**WORK INSTRUCTIONS**
Please write out all the data that follows exactly, without the pictures.

**DATA PROVIDED**
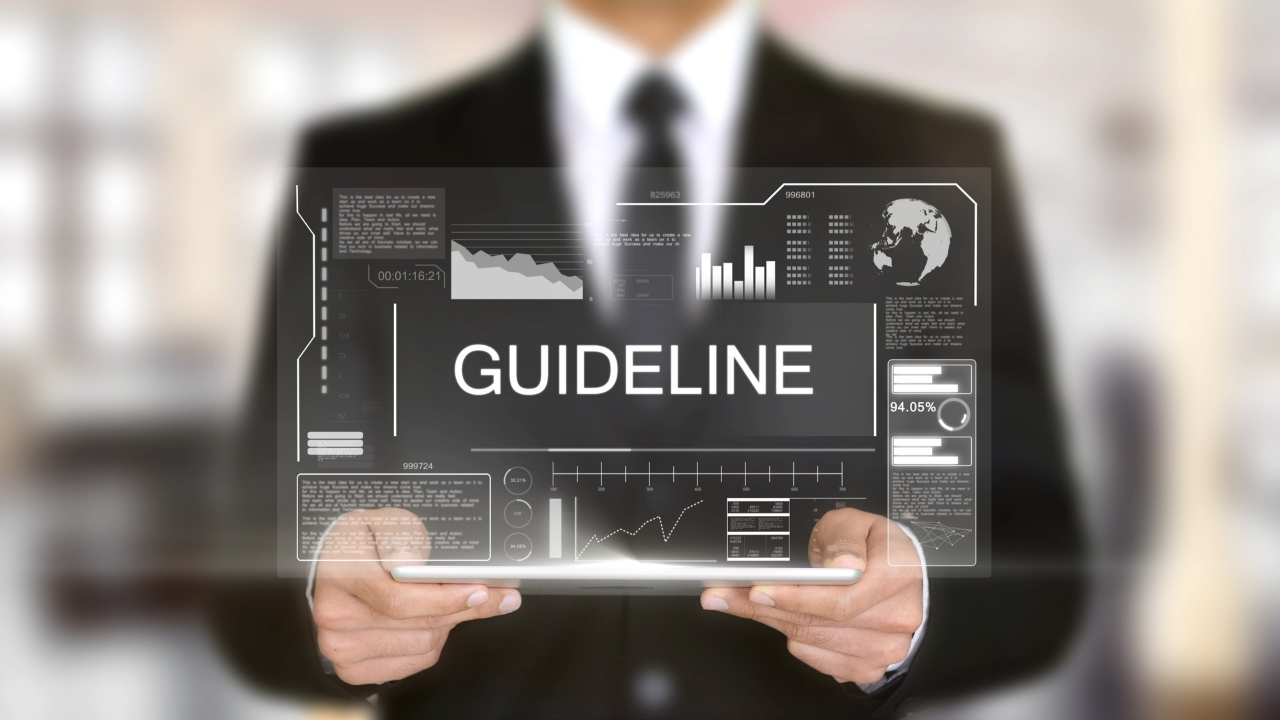 A man holding a tablet that projects the word "Guideline" in front of him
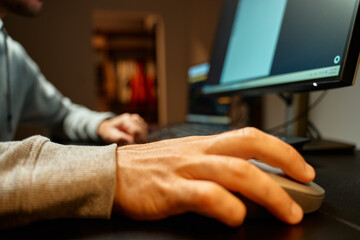 Close up of male hand holding computer mouse on desk near keyboard. Concept of office work and technology use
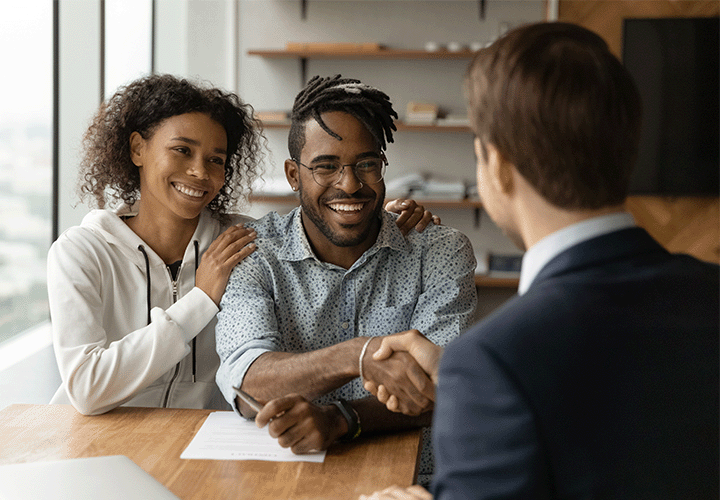 Happy people sign paperwork and shake hands with their mortgage loan officer.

**COMPLETED EXERCISE**
 A man holding a tablet that projects the word "Guideline" in front of him
 Close up of male hand holding computer mouse on desk near keyboard. Concept of office work and technology use
 Happy people sign paperwork and shake hands with their mortgage loan officer.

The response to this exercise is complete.